Selections from the earliest extant work of Japanese
historiography, the Kojiki, are presented with
an emphasis on the use made of local folk heroes
throughout Japan to lay the foundation for a national
folklore, and the appearance of the earliest example
of Japanese poetry in a song supposedly intoned
by the mythological hero Susanoo. The course continues
through the Nara period (710-794), with its representative
poetic collection, the Man'yoshu (759); and the
Heian period (794-1185), with emphasis on the
Kokinshu (905), the first of many poetic anthologies
compiled by imperial command.
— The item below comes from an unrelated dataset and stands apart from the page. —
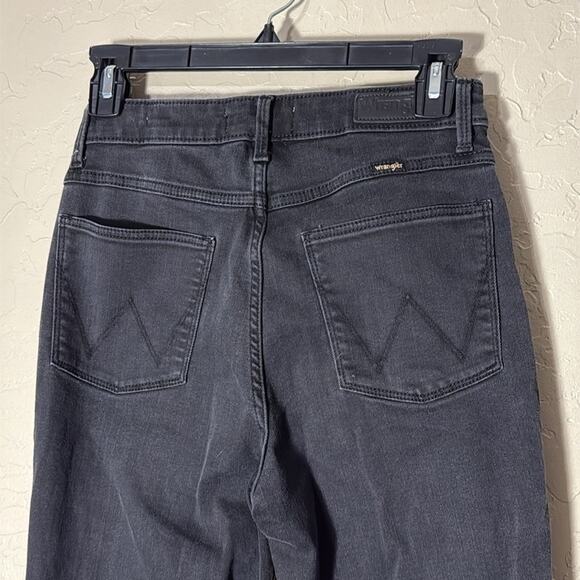 Wrangler bold boot black jeans size 4/32 - Picture 10 of 11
Attention is also
given to the stylistically influential Shinkokinshu
of 1205, an imperial anthology compiled against
a background of decline in the economic and political
power of the court elite that had ruled Japan
unopposed for some centuries.
- The latter half
of the course stresses the dual themes of the
breakdown of central authority and fragmentation
of political power during the long medieval period
(1185-1600) in Japan, alongside the diffusion
and reworking of courtly aesthetic and literary
principles among the common folk. Significant
in this scheme is the development of renga, Japanese
linked verse composed along the stylistic lines
set forth in the Shinkokinshu, into a wildly popular
poetic form among the people from the fifteenth
century onward. Similarly, attention is given
to the poetic form known today as haiku, which
began as a series of sometimes awkward experiments
with the initial two lines of a 100-verse renga
and was developed into the dominant poetic form
during the Edo period (1500-1868) by Matsuo Basho
and Taniguchi Buson, and revived in the early
twentieth century by Masaoka Shiki.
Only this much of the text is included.